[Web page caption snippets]
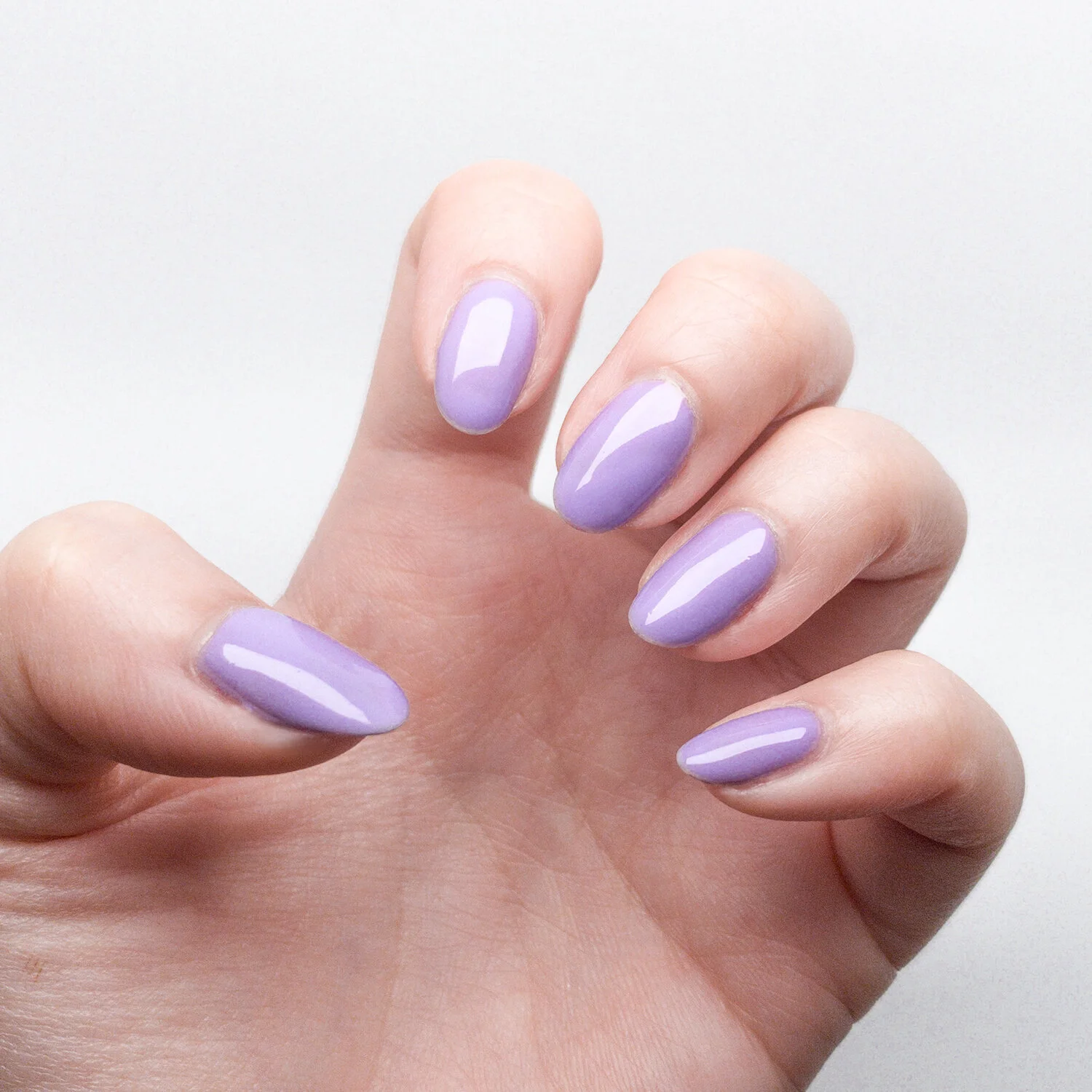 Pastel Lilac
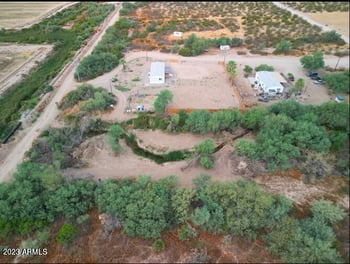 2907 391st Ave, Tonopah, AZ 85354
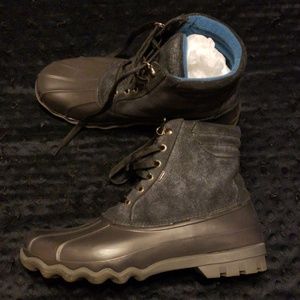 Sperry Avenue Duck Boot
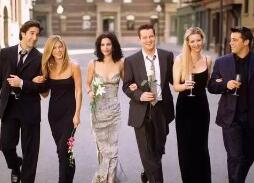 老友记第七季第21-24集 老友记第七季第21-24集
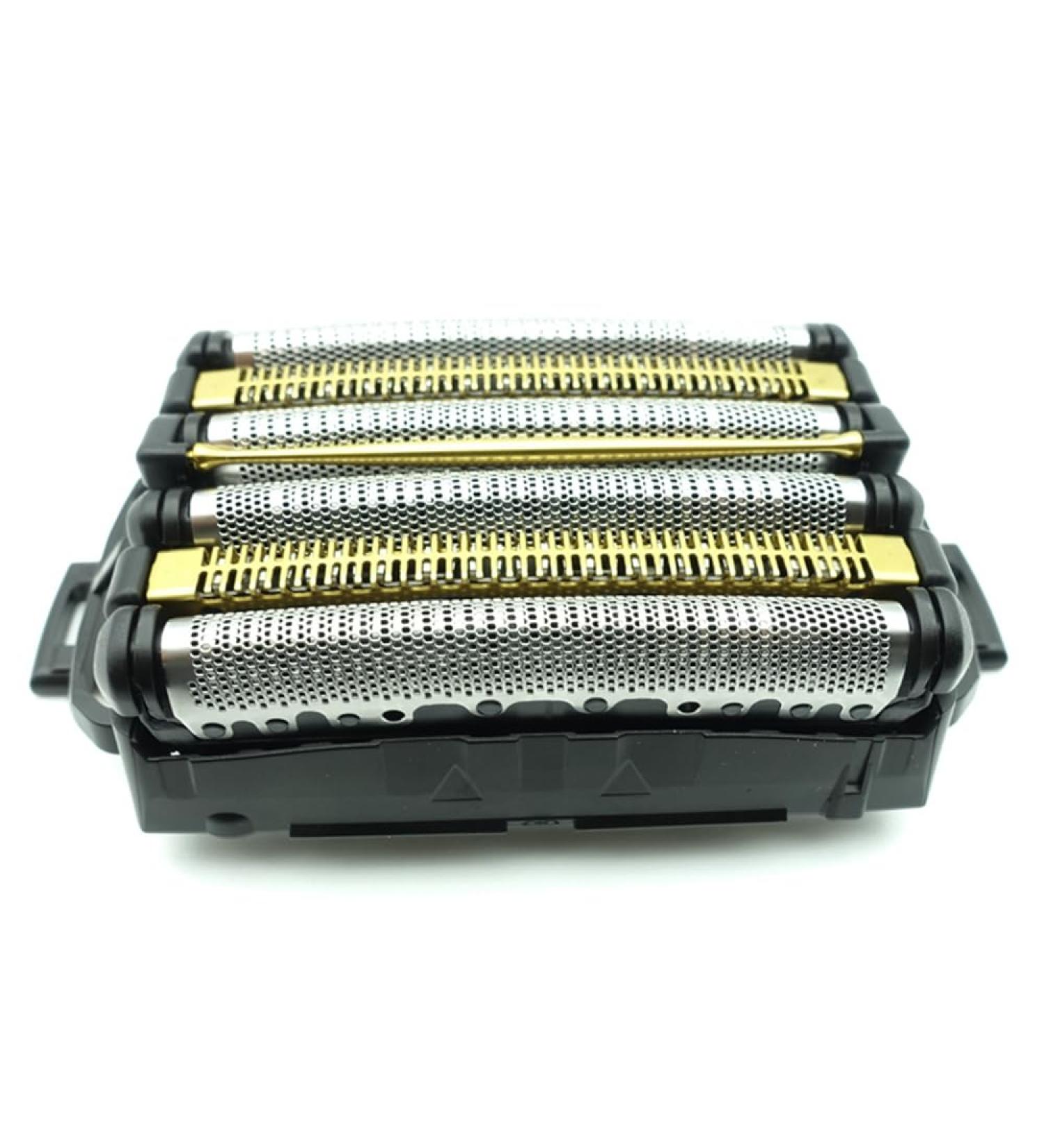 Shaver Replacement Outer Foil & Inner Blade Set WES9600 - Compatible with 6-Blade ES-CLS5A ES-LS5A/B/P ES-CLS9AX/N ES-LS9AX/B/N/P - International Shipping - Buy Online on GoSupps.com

PROBLEM> Write the records out again verbatim and omit the pictures they contain.

WORKED SOLUTION>
 Pastel Lilac
 2907 391st Ave, Tonopah, AZ 85354
 Sperry Avenue Duck Boot
 老友记第七季第21-24集 老友记第七季第21-24集
 Shaver Replacement Outer Foil & Inner Blade Set WES9600 - Compatible with 6-Blade ES-CLS5A ES-LS5A/B/P ES-CLS9AX/N ES-LS9AX/B/N/P - International Shipping - Buy Online on GoSupps.com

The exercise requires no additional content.